Looking back now I feel really sad about that. The newborn phase is over so quickly, the whole baby stage feels like a total blur to me now. And although there are hundreds of pictures of baby Dilan, there are so few of new mama me. Capturing a moment is easier now than it has ever been before, so what’s my excuse for missing so many? Because my hair was a mess? Because I had no make up on? Did I really think that when we looked back at that photo in 10, 20, 30 years that’s what we would see? Or would we have looked past that, to see the raw, beautiful moment that it was?
I think many mothers would sympathise with how I felt. Most of us take pictures of our children daily, in an attempt to record the things we desperately want to remember. To savour the moments we wish we could press pause on. And yet most of us would cringe at the thought of being the other side of that camera. But, while we are so busy capturing these moments, aren’t a lot of the pictures missing someone important? Won’t our children want to see their mother in these lovingly preserved memories we’re working so hard on? Shouldn’t we as mothers, as nurturers raising these babies through the good and the bad, feature in these shots? The real us, the Sunday morning us, with no make up on, dancing and giggling in the kitchen. Those are the moments our babies are going to want to look back on as adults, and those are the moments we are missing due to our own insecurities.
I recently saw a study which found that 96% of women asked wouldn’t choose the word ‘beautiful’ to describe themselves. That is really sad, and here is something you need to hear; You are beautiful. You are beautiful to your friends, you are beautiful to your family, you are beautiful to your partner and, most importantly perhaps, you are beautiful to your children. Your children adore every inch of you and love all of you with everything they have. Your children don’t care if your back in your pre-baby skinny jeans, and they certainly won’t remember your muffin top when they reminisce about their childhood. In fact when they do look back they’ll see all the things you hated in such a different light, it’ll leave you wishing you’d seen yourself through their eyes.

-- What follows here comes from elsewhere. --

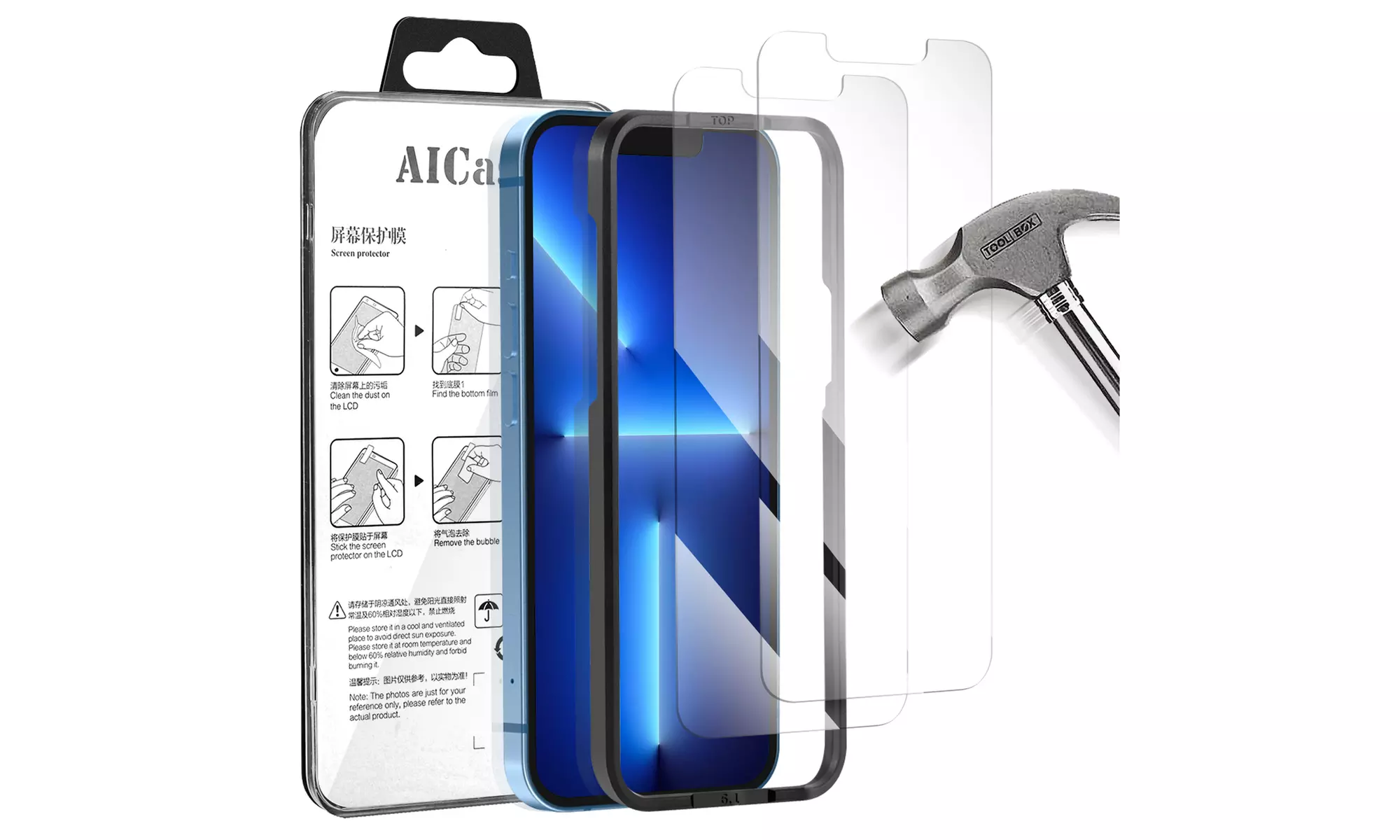 2X Tempred Glass Screen Protector For iPhone 13 Pro Max/13 mini /13 13 Pro - Primary Image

Those wrinkles around your eyes when you smile, they’ll remember every time you smiled at them. The grey hairs that you’re horrified by now, they’ll laugh and tell stories about how much stress they caused you. The mum-tum you so badly despise, it grew them, housed them and kept them snug and safe for 9 months. Your thighs may be wider than you’d like, but when they look back that’s the lap they were most comfortable on. Your arms, bingo wings and all, carried them, rocked them and held them every time they needed you. When they look at you they see unconditional love, warmth and kindness. They see their protector, their supporter, their friend. They see strength, wisdom and gentleness. They see beauty. They see you, and to them you are the most beautiful person in the world.

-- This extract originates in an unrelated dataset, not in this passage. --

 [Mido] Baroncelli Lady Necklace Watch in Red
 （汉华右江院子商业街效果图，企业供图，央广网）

Motherhood gives us many gifts. One of which should be to see ourselves as our children see us. To look past the messy hair and the extra weight or whatever you think your problem area is. When we see a photo of ourselves, lost in the moment with our loved ones, we need to look past all of those hang ups and see the true beauty. The love and the smiles on our faces, the light and the joy in our eyes. These are the things our children will remember about us, these are the only things they’ll see in old photographs. They deserve these memories and these moments to be captured and so do we. Motherhood is hard, sometimes finding the joy is easy and sometimes it’s a little harder, but when we do we owe it to ourselves to savour that moment forever.

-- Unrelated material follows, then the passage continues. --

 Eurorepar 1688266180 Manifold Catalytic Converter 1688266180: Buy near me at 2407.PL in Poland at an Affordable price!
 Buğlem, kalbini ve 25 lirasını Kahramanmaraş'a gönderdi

I wish I could find those girls from my sixth form prom and tell them everything I know now. I wish I could speak to my 18 year old self and offer some comforting words. Explain to them all that how we look doesn’t define us and it certainly shouldn’t open us up to criticism of that kind. Tell them that real beauty does come from within, and being in love and becoming a mother brings that out of you in a way nothing else ever could. Make them understand that it will all seem so trivial looking back because there is just so so much more to life, so much more to come, and you can’t avoid capturing it all because of one bad photograph.